MnO2 + 4HCl → MnCl2 + Cl2 + 2H2O
Problem 3
What is the percent yield if an experiment produced 2.50 g of sodium sulfate product (Na2SO4) when 10.0 g of sodium chloride (NaCl) reacted with sulfuric acid according to the following unbalanced reaction?

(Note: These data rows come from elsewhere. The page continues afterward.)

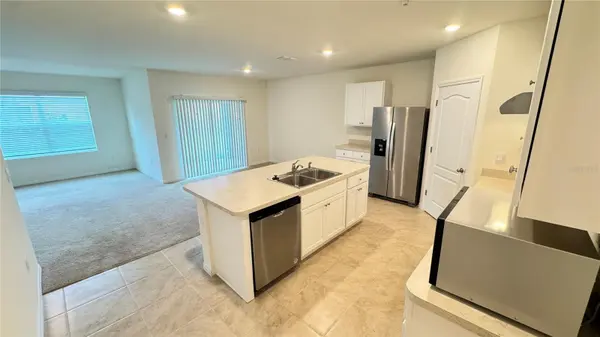 939 STOCKPORT DR, Kissimmee, FL 34758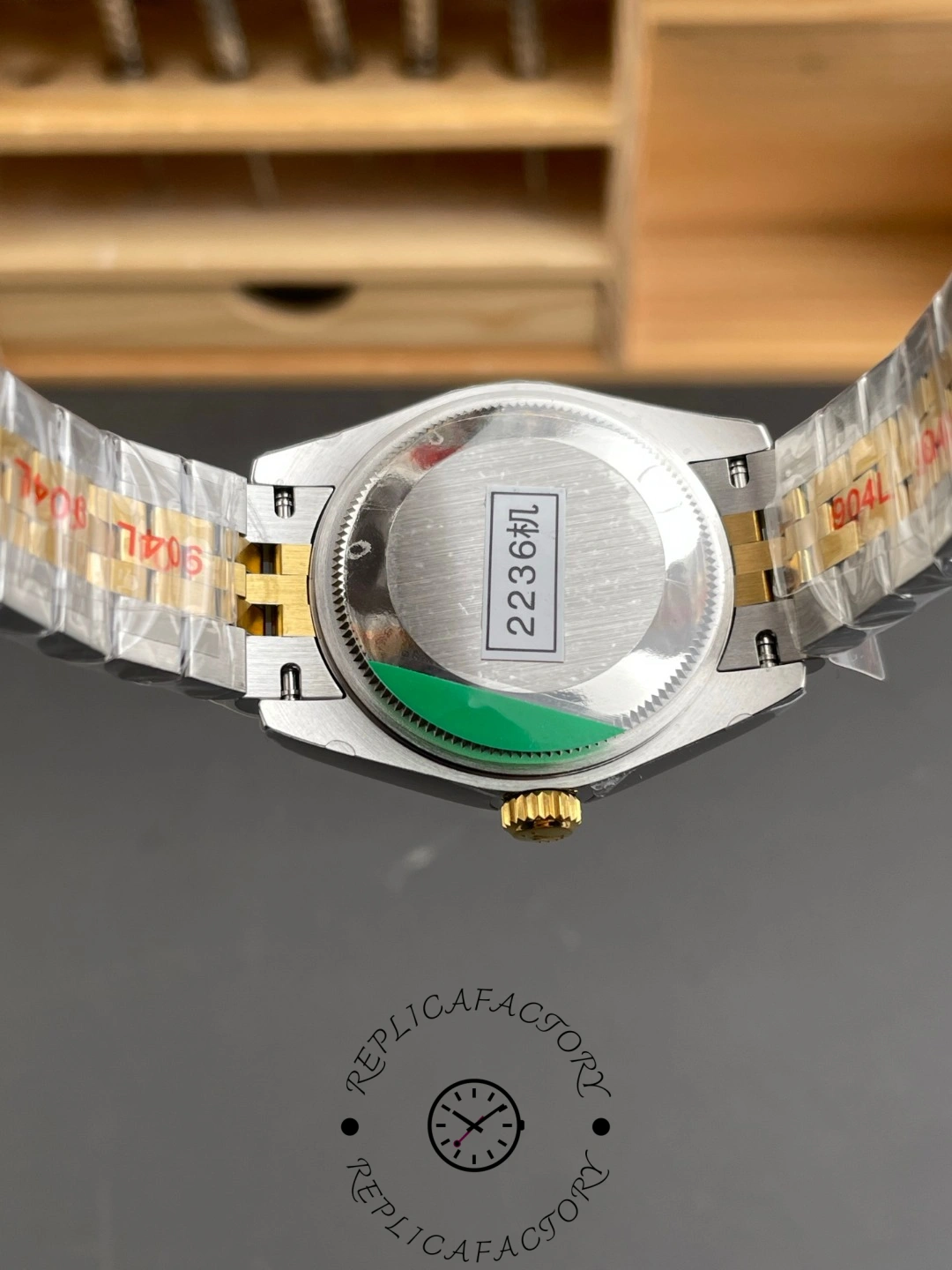 Rolex Datejust 126233 Champagne Diamond Dial Fluted Bezel 36MM Unisex Replica Watch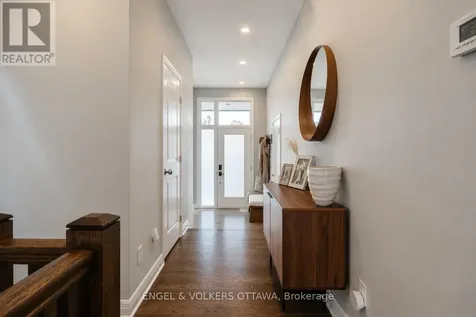 512 Chene Way Ottawa ON K1K 4Z1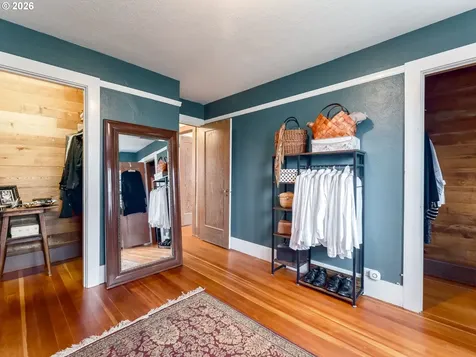 1036 NE Cowls Street Mcminnville OR 97128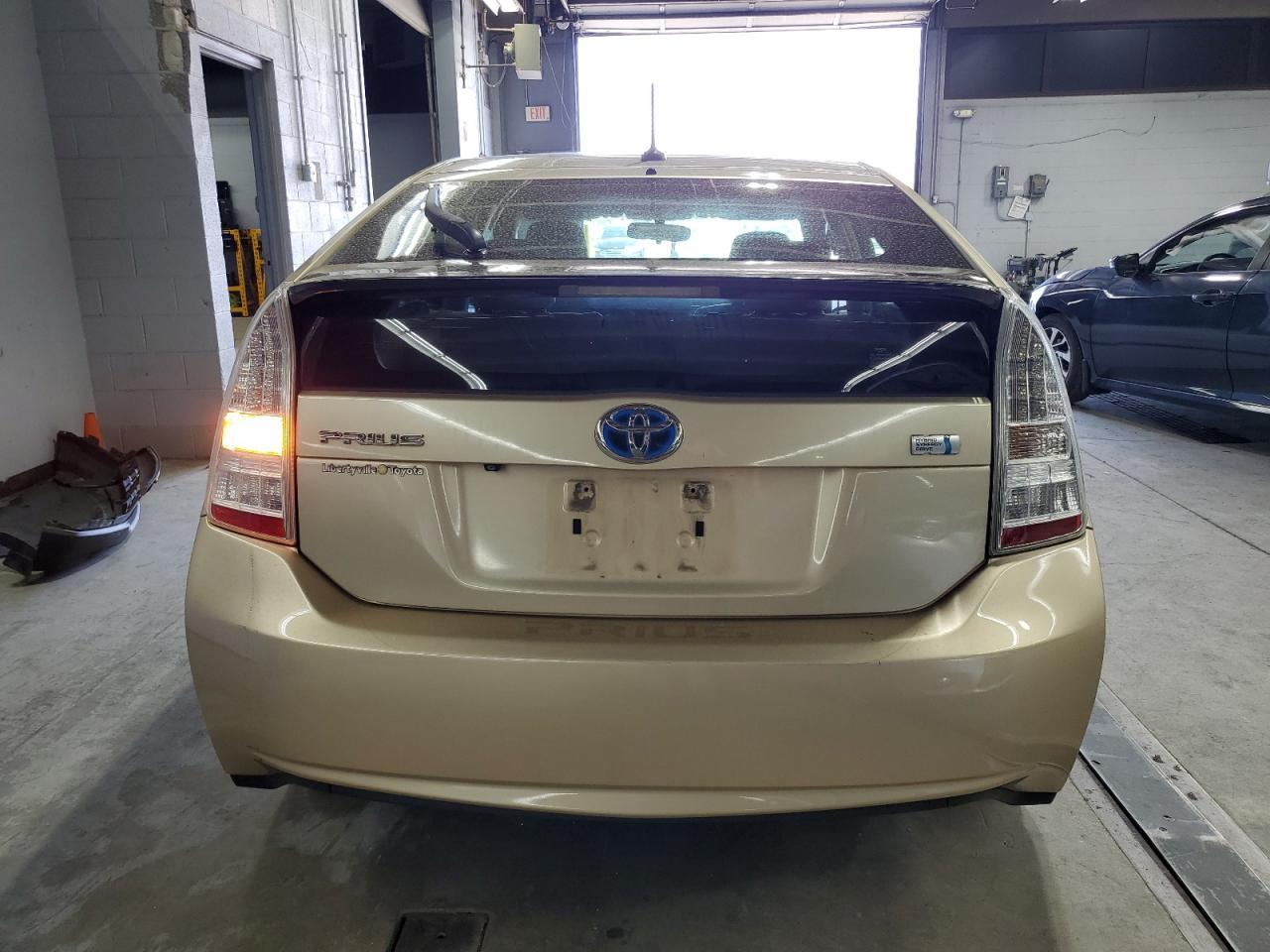 2010 Toyota Prius - Image 6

NaCl + H2SO4 → Na2SO4 + HCl
Problem 4
For the reaction:
4NH3 + 7O2 → 4NO2 + 6H2O
If 25.0 g of NH3 is reacted with excess O2, what mass of NO2 is produced theoretically?
Problem 5
If 5.00 g of Mg is reacted with 2.00 g of O2 in an experiment, determine which reactant is limiting and calculate the theoretical yield of MgO.
Mg + O2 → MgO
Solutions to Stoichiometry Problems
Problem 1
- Balanced equation: N2 + 3H2 → 2NH3
- 10.0 g N2 x (1 mole N2/28.0 g N2) = 0.357 mole N2
- Mole ratio from balanced equation:
- 0.357 mole N2 x (2 mole NH3/1 mole N2) = 0.714 mole NH3
- 0.714 mole NH3 x (17.0 g NH3/1 mole NH3) = 12.2 g NH3
The theoretical yield is 12.2 g NH3
Problem 2
- Balanced equation: MnO2 + 4HCl → MnCl2 + Cl2 + 2H2O
- 20.0 g MnO2 x (1 mole MnO2/86.9 g MnO2) = 0.230 mole MnO2
- Mole ratio from balanced equation:
- 0.230 mole MnO2 x (1 mole Cl2/1 mole MnO2) = 0.230 mole Cl2
- 0.230 mole Cl2 x (70.9 g Cl2/1 mole Cl2) = 16.3 g Cl2
The theoretical yield is 16.3 g Cl2
Problem 3
- Balanced equation: 2NaCl + H2SO4 → Na2SO4 + 2HCl
- Theoretical yield:
- 10.0 g NaCl x (1 mole NaCl/58.5 g NaCl) = 0.171 mole NaCl
- Mole ratio from balanced equation:
- 0.171 mole NaCl x (1 mole Na2SO4/2 mole NaCl) = 0.0855 mole Na2SO4
- 0.0855 mole Na2SO4 x (142.0 g Na2SO4/1 mole Na2SO4) = 12.1 g Na2SO4
- Actual yield = 2.50 g Na2SO4
- Percent Yield = (Actual/Theoretical) x 100% = (2.50 g/12.1 g) x 100% = 20.7%
The percent yield is 20.7%
Problem 4
- Balanced equation: 4NH3 + 7O2 → 4NO2 + 6H2O
- 25.0 g NH3 x (1 mole NH3/17.0 g NH3) = 1.47 mole NH3
- Mole ratio from balanced equation:
- 1.47 mole NH3 x (4 mole NO2/4 mole NH3) = 1.47 mole NO2
- 1.47 mole NO2 x (46.0 g NO2/1 mole NO2) = 67.6 g NO2
The theoretical yield is 67.6 g NO2
Problem 5
- Balanced equation: Mg + O2 → MgO
- 5.00 g Mg x (1 mole Mg/24.3 g Mg) = 0.206 mole Mg
- 2.00 g O2 x (1 mole O2/32.0 g O2) = 0.0625 mole O2
- Mole ratio:
- Mg: 0.206 mole Mg/1 mole Mg per equation = 0.206
- O2: 0.0625 mole O2/1 mole O2 per equation = 0.0625
- O2 is the limiting reactant since it has the lower mole ratio
- Using O2:
- 0.0625 mole O2 x (1 mole MgO/1 mole O2) = 0.0625 mole MgO
- 0.0625 mole MgO x (40.3 g MgO/mole MgO) = 2.52 g MgO
O2 is limiting. The theoretical yield is 2.52 g MgO.
Conclusion
In summary, stoichiometry and mole ratios allow chemists to quantitatively relate reactant amounts to product amounts using balanced chemical equations. It is an essential tool for determining yields, identifying limiting reactants, calculating percentage yield, and quantitative chemical analysis. Practice thinking stoichiometrically and using mole ratios to answer chemistry questions.